Web page caption snippets
——

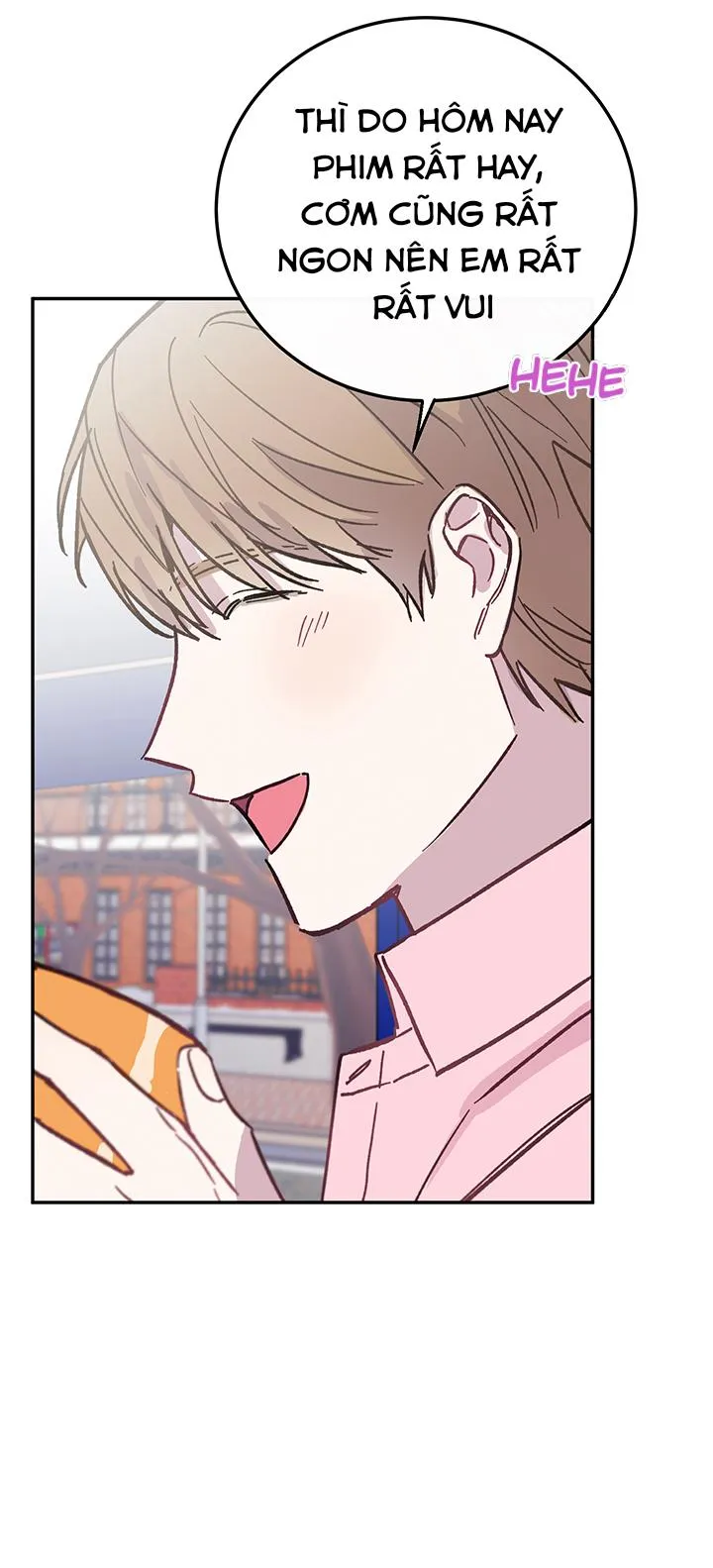 Why Not, CEO? Chapter 28 Trang 45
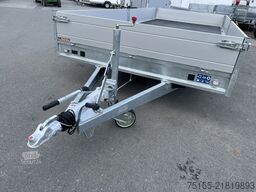 Saris PL 506 224 3500 23 Hochlader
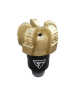 professional brand matrix body pdc bits diamond core drill bits for hard rock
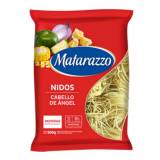 FIDEOS MATARAZZO NIDO CABELLO DE ANGEL 500GR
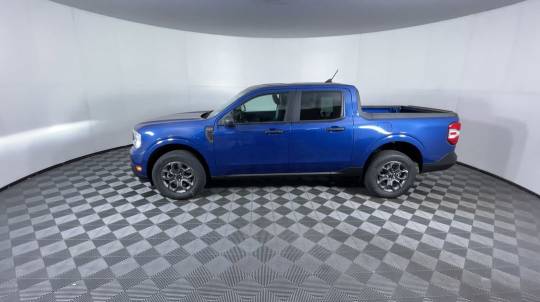 2024 Ford Maverick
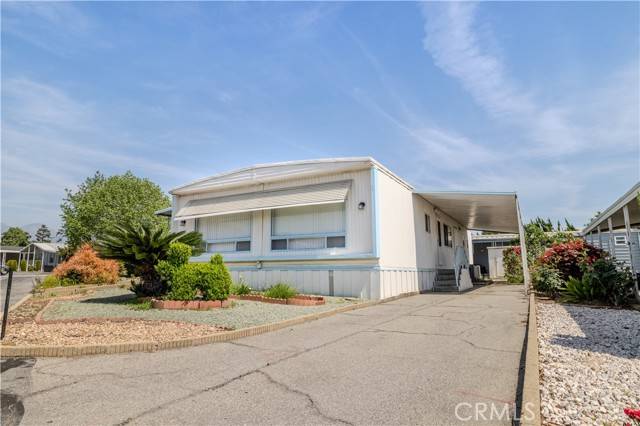 La Verne, CA 91750,3530 Damien Avenue #88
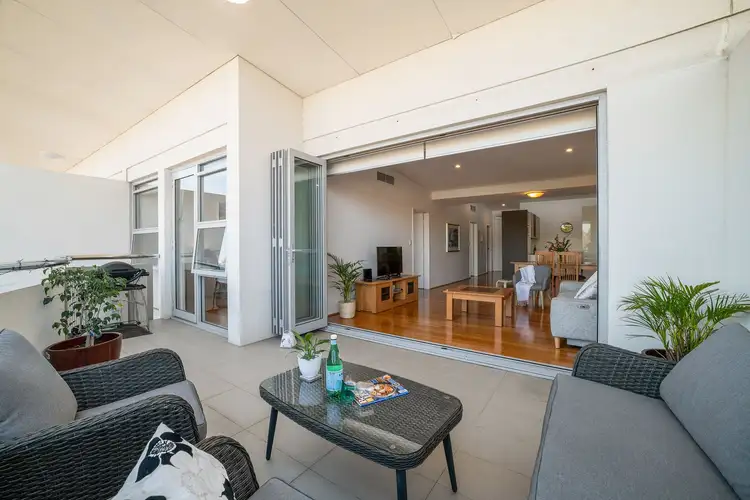 5/356 Oxford Street, Leederville WA 6007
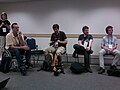 Rencontres des francophones à Wikimania 2012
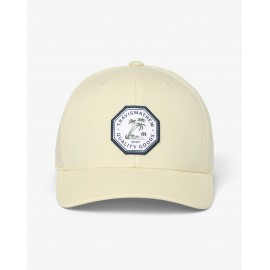 TravisMathew Palm Parade pánská kšiltovka - Pear Sorbet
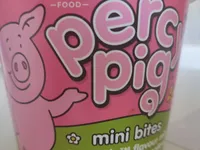 Percy pig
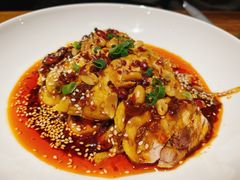 -打酱油·非遗淮扬菜(瘦西湖梅岭店)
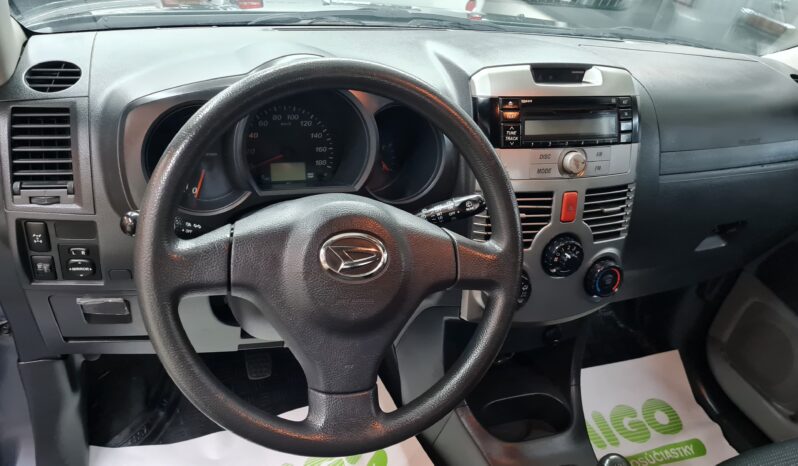 Daihatsu J2 TERIOS full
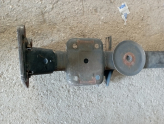 Oto Çıkma Parça / Ford / Transit Custom / Alt Takım / Arka Dingil / Çıkma Parça 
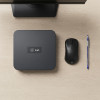 UVI MINI PC R758 - AMD Ryzen 7 5800U - 16GB RAM + 1TB SSD, OS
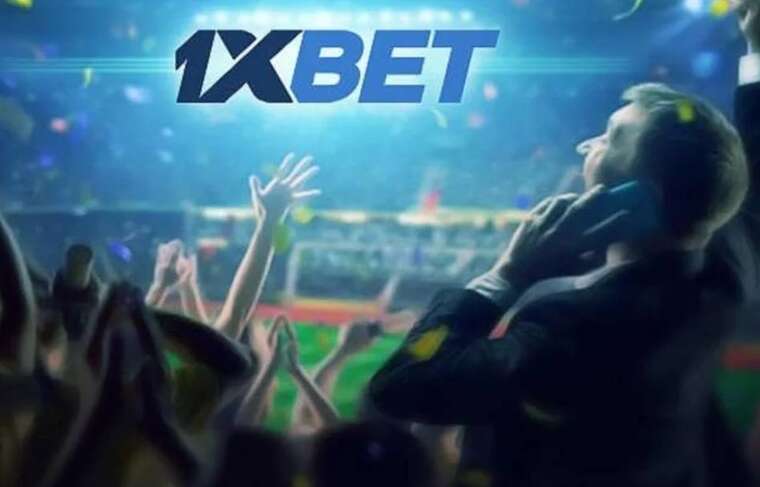 1xBet Thailand Download APP – Ваш ключ к азарту на ладони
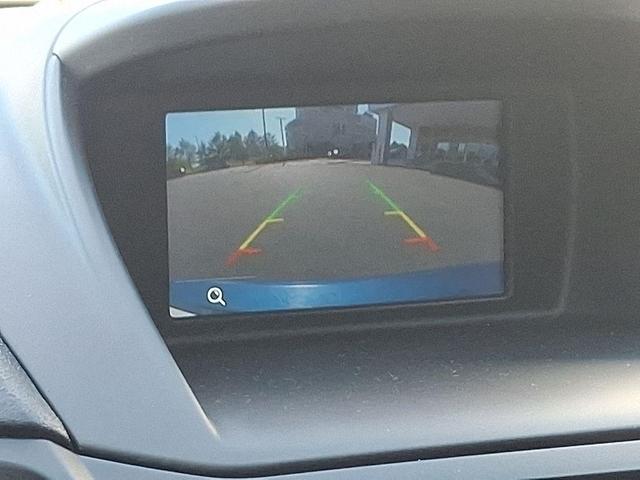 Photo of 2019 Lightning Blue Metallic Ford Fiesta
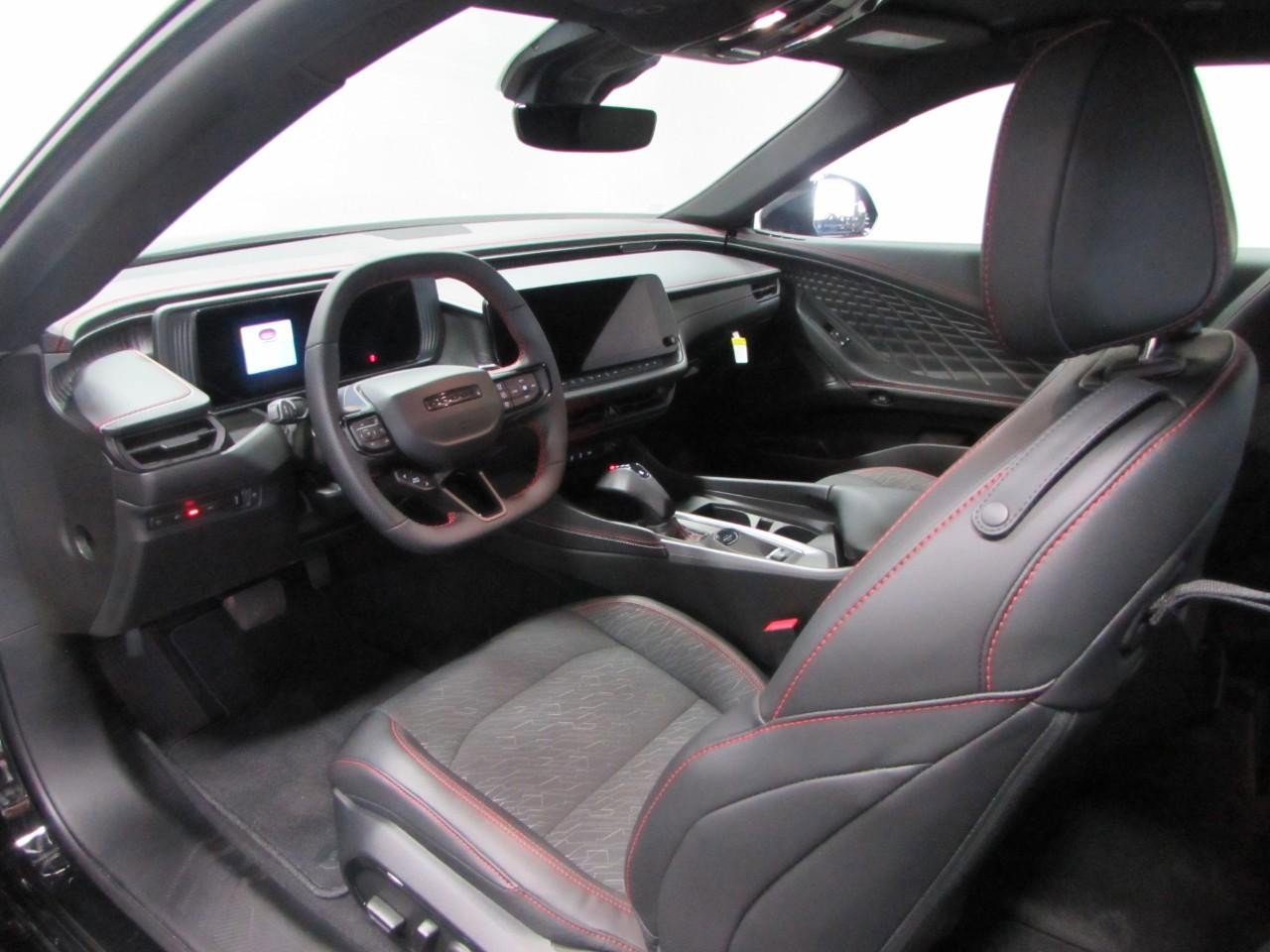 New 2026 Dodge Charger Scat Pack AWD/4WD image 13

——

Problem requirements:
Type out each line of the records above exactly, skipping any pictures.

Output for this task:
 Why Not, CEO? Chapter 28 Trang 45
 Saris PL 506 224 3500 23 Hochlader
 professional brand matrix body pdc bits diamond core drill bits for hard rock
 FIDEOS MATARAZZO NIDO CABELLO DE ANGEL 500GR
 2024 Ford Maverick
 La Verne, CA 91750,3530 Damien Avenue #88
 5/356 Oxford Street, Leederville WA 6007
 Rencontres des francophones à Wikimania 2012
 TravisMathew Palm Parade pánská kšiltovka - Pear Sorbet
 Percy pig
 -打酱油·非遗淮扬菜(瘦西湖梅岭店)
 Daihatsu J2 TERIOS full
 Oto Çıkma Parça / Ford / Transit Custom / Alt Takım / Arka Dingil / Çıkma Parça 
 UVI MINI PC R758 - AMD Ryzen 7 5800U - 16GB RAM + 1TB SSD, OS
 1xBet Thailand Download APP – Ваш ключ к азарту на ладони
 Photo of 2019 Lightning Blue Metallic Ford Fiesta
 New 2026 Dodge Charger Scat Pack AWD/4WD image 13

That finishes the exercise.